By default, events are dispatched with the decorated event dispatcher when flushed, but you can choose another solution entirely, like sending them to consumers using RabbitMQ or Kafka.

<?php

use olvlvl\DelayedEventDispatcher\DelayedEventDispatcher;

/* @var \PhpAmqpLib\Channel\AMQPChannel $channel */
/* @var \Psr\EventDispatcher\EventDispatcherInterface $eventDispatcher */

$messagingDelayedEventDispatcher = new DelayedEventDispatcher(
    $eventDispatcher, 
    true,
    null,
    null,
    function (object $event) use ($channel) {
        $channel->basic_publish(json_encode($event), 'my_exchange', $event->getName());
    }
);

Deciding which events to delay and which not to

By default all events are delayed—if the delayed event dispatcher was created with disabled = false—but you can supply an arbiter to choose which events to delay and which not to. You can use the Delayable interface to mark your events, but it's not a requirement. The arbiter is a simple callable, its implementation is up to you.

<?php

use olvlvl\DelayedEventDispatcher\Delayable;
use olvlvl\DelayedEventDispatcher\DelayedEventDispatcher;

$arbiter = function (object $event) {
    return $event instanceof Delayable;
};

/* @var \Psr\EventDispatcher\EventDispatcherInterface $eventDispatcher */

$disabledDelayedEventDispatcher = new DelayedEventDispatcher($eventDispatcher, false, $arbiter);

Handling exceptions

By default exceptions thrown during the dispatching of events are not recovered, the dispatching halts, leaving delayed events in the queue. If you want to recover from these exceptions, and make sure all the events are dispatched, you'll want to provide and exception handler.

<?php

use olvlvl\DelayedEventDispatcher\DelayedEventDispatcher;

/* @var \Psr\Log\LoggerInterface $logger */

$exceptionHandler = function (\Throwable $error, object $event) use ($logger) {
    // The exception is recovered, we log it to fix it later
    $logger->danger($error);
};

/* @var \Psr\EventDispatcher\EventDispatcherInterface $eventDispatcher */

$disabledDelayedEventDispatcher = new DelayedEventDispatcher($eventDispatcher, false, null, $exceptionHandler);

Requirements

The package requires PHP 7.2 or later.

Installation

The recommended way to install this package is through Composer:

$ composer require olvlvl/delayed-event-dispatcher

Cloning the repository

The package is available on GitHub, its repository can be cloned with the following command line:

$ git clone https://github.com/olvlvl/delayed-event-dispatcher.git

Documentation

You can generate the documentation for the package and its dependencies with the make doc command.
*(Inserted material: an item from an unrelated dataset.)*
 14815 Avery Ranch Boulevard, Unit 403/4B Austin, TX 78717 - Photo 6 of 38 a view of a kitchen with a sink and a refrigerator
The documentation is generated in the build/docs directory. ApiGen is required. The directory can later be cleaned with the make clean command.

Testing

The test suite is ran with the make test command. PHPUnit and Composer need to be globally available to run the suite. The command installs dependencies as required. The make test-coverage command runs test suite and also creates an HTML coverage report in build/coverage. The directory can later be cleaned with the make clean command.

The package is continuously tested by Travis CI.

Build Status Code Coverage

License

olvlvl/delayed-event-dispatcher is licensed under the New BSD License - See the LICENSE file for details.